By Donna Rifkind,
who reviews fiction frequently for The Washington Post
Tuesday, April 10, 2007
THE LAST EMPRESS
By Anchee Min
Houghton Mifflin. 308 pp. $25
Anchee Min's historical novels about China have a clear purpose beyond entertainment or instruction. Beginning with "Becoming Madame Mao" (2000) and following with a two-volume epic about the dowager empress Tzu Hsi, the author has set out to reject traditional caricatures of female Chinese rulers as power-mad dragon ladies in favor of more nuanced, sympathetic fictional portraits.
"The Last Empress" is the second of the two novels about Tzu Hsi, who ruled China from the mid-19th century to 1908, during the waning years of the Ch'ing dynasty. It continues the story after "Empress Orchid" (2004), in which Min described how the woman rose from among thousands of imperial concubines to become the mother of the emperor's only son. The first novel ended in 1861 with the emperor's death. Because her son was 5 years old at the time and would not assume full power for years, Tzu Hsi, also called Orchid, governed the empire as co-regent along with the late emperor's childless senior wife.
Both the country and the imperial court were undergoing catastrophic changes. China's humiliating defeat in the Opium Wars forced the opening of its ports to the West, easing the way for European, American and Japanese invasions, and allowed missionaries to introduce foreign religion and culture while remaining exempt from Chinese law. The court, plagued by corruption and the constant threat of coups, was straining to pay stupendous war debts and to control widespread peasant uprisings.
"The Last Empress," a more impatiently written novel than its stately, evocative precursor, begins under these inauspicious circumstances. It is Orchid's job to raise the young emperor, Tung Chih, who has few father figures among the contentious schemers in the imperial court, and to rule a vast, increasingly besieged country while avoiding various efforts to depose her. Tung Chih grows into a recalcitrant adolescent, more interested in debauchery than responsibility, and Orchid's hopes of retiring after her son officially ascends to the throne are crushed when he dies of venereal disease. Devastated by this loss and stung by false accusations that she caused his death, Orchid is forced to name a new heir, her nephew Guang-hsu, and to begin the process of educating yet another emperor. In the meantime, China remains "like a mulberry tree nipped away at by worms," vulnerable to continuing attacks by the Japanese, who invade Formosa in 1871, and the British, who annex Burma a few years later.

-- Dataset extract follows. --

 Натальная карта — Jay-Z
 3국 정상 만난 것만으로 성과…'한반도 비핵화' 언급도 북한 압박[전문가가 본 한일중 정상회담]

"Future critics, historians and scholars would insist that Guang-hsu had led a normal life until I, his aunt, wrecked him," sighs Orchid, who goes to great lengths to combat this view. Eager to please but fearful, the young man is easily manipulated by power-grabbing advisers and proves incapable of facing the continuing crisis he has inherited. More and more territory falls out of imperial control: In the mid-1880s Vietnam is ceded to the French, Korea declares independence, and peasants known as Boxers launch the beginnings of a long rebellion that would reach its apex at the turn of the century.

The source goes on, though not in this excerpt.